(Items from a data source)
- - - -

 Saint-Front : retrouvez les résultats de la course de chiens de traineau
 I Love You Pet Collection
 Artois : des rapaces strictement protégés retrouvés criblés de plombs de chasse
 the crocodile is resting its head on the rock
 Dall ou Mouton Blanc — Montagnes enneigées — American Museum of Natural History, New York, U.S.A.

- - - -

■ TASK GOAL:
An exact copy of every record is needed, so retype them all.

■ WRITTEN REPLY:
 Saint-Front : retrouvez les résultats de la course de chiens de traineau
 I Love You Pet Collection
 Artois : des rapaces strictement protégés retrouvés criblés de plombs de chasse
 the crocodile is resting its head on the rock
 Dall ou Mouton Blanc — Montagnes enneigées — American Museum of Natural History, New York, U.S.A.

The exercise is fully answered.